Op enig moment werkte ik ook voor een van die kleine omroepen. Drie maal raden voor welke. Ik zal alvast verklappen dat het niet Omroep Fryslân was. Ik maakte voor de Joodse Omroep een keer per maand een radioprogramma van een half uur met actualiteiten in de Joodse wereld. Die kon ik gelukkig heel breed interpreteren, dus de ene keer sprak ik met Joodse vrijwilligers die op verschillende plekken in het land culturele festivals organiseerden. Leuk, maar ze deden het allemaal wel in hetzelfde weekeinde, dus ik vroeg ze wat daar nu toch de bedoeling van was. Een andere keer sprak ik met niet-Joodse vluchtelingen uit Iran om erachter te komen hoe het was gesteld met het antisemitisme van Machmoed Ahmadinejad en de Iraniërs. Die uitzending vormde de buitengrens van wat mogelijk was. Goede herinneringen bewaar ik aan een uitzending met Joodse migranten in Nederland, omdat ik drie vrouwen had uitgenodigd, en je migrantenvrouwen zo weinig op de radio hoort.

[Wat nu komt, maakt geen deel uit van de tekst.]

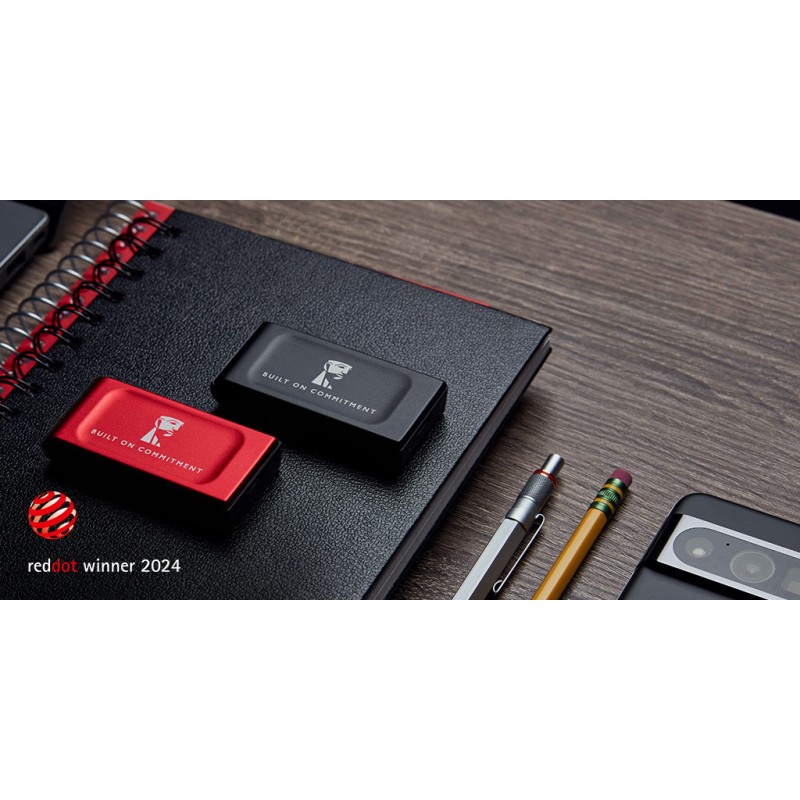 Накопитель SSD USB Type-C 2TB XS1000 Kingston (SXS1000R/2000GA)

Is de wereld er beter van geworden? Vast niet. Hebben die programma’s luisteraars getrokken? Jazeker. Is dat aantal luisteraars uitgegroeid tot een enorme mensenmassa? Duh. Nee. Het programma is al een tijd geleden opgegaan in iets anders, maar nog steeds komen die actualiteiten aan bod en is er ruimte voor kritische vragen.
Ik ben bang voor een verschraling van het aanbod. Degenen die nu bij de kleine omroepen werken, hebben verstand van hun onderwerp en contacten bij hun achterban. Zij controleren de macht die er ook in die kleine gemeenschappen wordt uitgeoefend. Wie gaat dat straks doen? En wie gaat zo’n programma uitzenden?